===== Exercise data =====
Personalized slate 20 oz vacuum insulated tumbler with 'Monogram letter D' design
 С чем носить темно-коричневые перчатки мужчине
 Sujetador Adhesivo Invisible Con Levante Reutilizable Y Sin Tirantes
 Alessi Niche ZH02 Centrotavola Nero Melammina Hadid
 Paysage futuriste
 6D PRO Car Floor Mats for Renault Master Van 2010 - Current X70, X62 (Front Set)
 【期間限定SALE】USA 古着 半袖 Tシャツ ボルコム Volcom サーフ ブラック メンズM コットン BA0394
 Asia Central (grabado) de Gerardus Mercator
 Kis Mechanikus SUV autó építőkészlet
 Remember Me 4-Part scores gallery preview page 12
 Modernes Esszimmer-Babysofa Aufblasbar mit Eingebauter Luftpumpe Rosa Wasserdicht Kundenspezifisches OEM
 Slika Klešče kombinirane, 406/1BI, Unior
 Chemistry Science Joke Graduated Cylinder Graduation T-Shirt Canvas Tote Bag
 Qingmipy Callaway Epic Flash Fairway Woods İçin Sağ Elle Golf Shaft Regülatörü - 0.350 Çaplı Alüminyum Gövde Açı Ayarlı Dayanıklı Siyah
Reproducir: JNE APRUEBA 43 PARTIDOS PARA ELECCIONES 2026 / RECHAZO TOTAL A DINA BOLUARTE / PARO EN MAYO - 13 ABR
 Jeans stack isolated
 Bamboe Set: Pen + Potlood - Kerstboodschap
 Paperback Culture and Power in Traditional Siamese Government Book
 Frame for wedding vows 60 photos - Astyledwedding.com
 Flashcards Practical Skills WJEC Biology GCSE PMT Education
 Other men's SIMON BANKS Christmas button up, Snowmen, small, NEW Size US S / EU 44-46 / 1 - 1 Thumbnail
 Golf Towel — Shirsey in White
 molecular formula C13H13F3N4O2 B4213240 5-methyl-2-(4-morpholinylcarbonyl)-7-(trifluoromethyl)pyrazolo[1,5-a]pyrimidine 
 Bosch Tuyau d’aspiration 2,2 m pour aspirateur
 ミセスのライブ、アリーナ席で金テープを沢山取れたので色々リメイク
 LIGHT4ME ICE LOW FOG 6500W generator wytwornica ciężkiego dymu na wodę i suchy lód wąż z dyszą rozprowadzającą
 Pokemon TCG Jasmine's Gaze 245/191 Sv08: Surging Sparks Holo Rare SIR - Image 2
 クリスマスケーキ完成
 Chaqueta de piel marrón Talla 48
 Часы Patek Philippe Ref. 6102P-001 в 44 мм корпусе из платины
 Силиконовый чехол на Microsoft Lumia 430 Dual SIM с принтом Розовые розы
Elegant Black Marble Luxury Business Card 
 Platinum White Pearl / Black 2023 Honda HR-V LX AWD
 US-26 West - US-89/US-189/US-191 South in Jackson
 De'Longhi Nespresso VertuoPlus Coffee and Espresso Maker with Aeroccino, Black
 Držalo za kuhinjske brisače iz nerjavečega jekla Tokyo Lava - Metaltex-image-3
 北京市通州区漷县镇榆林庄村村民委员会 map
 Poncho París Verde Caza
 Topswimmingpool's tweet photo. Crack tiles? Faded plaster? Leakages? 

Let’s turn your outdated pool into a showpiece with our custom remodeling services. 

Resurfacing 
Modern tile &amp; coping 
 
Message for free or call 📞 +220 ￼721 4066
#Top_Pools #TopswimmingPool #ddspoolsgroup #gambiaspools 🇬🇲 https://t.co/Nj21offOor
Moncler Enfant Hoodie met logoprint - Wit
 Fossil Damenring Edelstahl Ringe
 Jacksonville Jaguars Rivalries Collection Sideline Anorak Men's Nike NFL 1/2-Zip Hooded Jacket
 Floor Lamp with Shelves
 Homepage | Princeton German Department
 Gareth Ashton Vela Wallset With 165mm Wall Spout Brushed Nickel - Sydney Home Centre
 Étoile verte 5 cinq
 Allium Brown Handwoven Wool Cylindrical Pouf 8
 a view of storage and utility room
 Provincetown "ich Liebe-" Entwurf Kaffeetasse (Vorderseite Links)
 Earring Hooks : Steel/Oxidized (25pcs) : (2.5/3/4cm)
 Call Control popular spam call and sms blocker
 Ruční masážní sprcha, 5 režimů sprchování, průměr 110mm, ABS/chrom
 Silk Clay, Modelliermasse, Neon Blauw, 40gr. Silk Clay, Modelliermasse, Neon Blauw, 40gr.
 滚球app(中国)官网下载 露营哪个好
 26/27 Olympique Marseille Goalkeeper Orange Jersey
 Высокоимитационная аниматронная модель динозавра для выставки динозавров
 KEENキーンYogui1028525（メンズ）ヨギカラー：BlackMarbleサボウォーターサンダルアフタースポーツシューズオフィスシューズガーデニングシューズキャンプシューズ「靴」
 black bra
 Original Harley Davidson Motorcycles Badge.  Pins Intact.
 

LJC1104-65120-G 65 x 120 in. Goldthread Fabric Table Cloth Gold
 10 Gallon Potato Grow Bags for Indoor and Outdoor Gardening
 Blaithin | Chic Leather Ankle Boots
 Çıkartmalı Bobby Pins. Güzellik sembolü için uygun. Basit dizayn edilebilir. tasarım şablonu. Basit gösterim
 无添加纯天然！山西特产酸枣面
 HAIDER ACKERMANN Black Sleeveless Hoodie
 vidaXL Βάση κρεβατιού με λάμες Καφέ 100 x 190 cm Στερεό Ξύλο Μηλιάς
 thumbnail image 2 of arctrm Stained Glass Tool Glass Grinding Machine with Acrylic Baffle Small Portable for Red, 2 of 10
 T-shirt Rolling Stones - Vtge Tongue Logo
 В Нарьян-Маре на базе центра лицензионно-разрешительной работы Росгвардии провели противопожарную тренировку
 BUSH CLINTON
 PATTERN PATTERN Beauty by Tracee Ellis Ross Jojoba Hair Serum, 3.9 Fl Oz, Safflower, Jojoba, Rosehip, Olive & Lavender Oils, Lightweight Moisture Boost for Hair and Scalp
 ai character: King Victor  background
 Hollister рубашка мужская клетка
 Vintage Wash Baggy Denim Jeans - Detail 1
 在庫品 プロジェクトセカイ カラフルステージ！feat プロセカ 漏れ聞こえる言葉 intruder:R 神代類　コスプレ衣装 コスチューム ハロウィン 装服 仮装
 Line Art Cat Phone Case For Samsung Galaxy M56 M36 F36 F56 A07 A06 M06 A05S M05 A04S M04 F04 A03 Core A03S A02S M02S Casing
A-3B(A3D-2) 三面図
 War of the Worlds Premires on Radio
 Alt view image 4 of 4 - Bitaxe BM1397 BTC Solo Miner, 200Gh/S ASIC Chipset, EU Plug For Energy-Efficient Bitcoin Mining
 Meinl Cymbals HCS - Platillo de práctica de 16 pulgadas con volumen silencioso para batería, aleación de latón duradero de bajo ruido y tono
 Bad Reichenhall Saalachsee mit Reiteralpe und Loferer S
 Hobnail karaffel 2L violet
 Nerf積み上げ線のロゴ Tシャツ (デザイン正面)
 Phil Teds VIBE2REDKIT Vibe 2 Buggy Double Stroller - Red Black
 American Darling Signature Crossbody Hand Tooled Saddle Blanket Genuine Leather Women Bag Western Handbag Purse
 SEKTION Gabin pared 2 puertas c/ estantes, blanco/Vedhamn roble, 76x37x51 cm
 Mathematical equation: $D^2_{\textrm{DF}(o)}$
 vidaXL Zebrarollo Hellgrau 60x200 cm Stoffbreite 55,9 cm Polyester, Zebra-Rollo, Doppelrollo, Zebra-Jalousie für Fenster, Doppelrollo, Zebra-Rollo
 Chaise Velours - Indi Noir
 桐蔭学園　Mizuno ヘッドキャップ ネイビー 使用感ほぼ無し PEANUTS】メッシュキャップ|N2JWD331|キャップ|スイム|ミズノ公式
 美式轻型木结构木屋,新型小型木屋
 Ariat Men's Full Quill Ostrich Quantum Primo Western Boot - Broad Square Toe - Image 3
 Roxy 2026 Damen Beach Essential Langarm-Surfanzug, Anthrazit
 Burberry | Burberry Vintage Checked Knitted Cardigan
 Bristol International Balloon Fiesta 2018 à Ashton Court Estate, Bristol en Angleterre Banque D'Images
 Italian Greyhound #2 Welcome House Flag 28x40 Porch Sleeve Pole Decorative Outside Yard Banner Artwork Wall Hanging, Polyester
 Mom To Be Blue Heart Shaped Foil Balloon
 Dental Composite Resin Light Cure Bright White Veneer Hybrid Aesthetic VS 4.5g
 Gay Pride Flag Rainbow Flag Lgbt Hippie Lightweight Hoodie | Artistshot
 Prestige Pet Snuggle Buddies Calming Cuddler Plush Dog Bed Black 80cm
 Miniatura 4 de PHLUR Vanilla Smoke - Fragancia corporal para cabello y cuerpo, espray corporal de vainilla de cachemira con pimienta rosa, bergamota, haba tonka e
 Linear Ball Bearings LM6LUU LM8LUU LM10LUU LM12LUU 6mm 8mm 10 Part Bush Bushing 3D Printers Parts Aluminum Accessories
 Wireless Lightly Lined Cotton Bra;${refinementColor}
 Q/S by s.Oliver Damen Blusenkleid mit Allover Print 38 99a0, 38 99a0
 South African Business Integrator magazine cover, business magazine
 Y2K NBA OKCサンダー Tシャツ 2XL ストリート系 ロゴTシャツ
=====
■ **Your goal**: Show all of the lines above in which "Floor" is present.

■ **Task result**:
 6D PRO Car Floor Mats for Renault Master Van 2010 - Current X70, X62 (Front Set)
 Floor Lamp with Shelves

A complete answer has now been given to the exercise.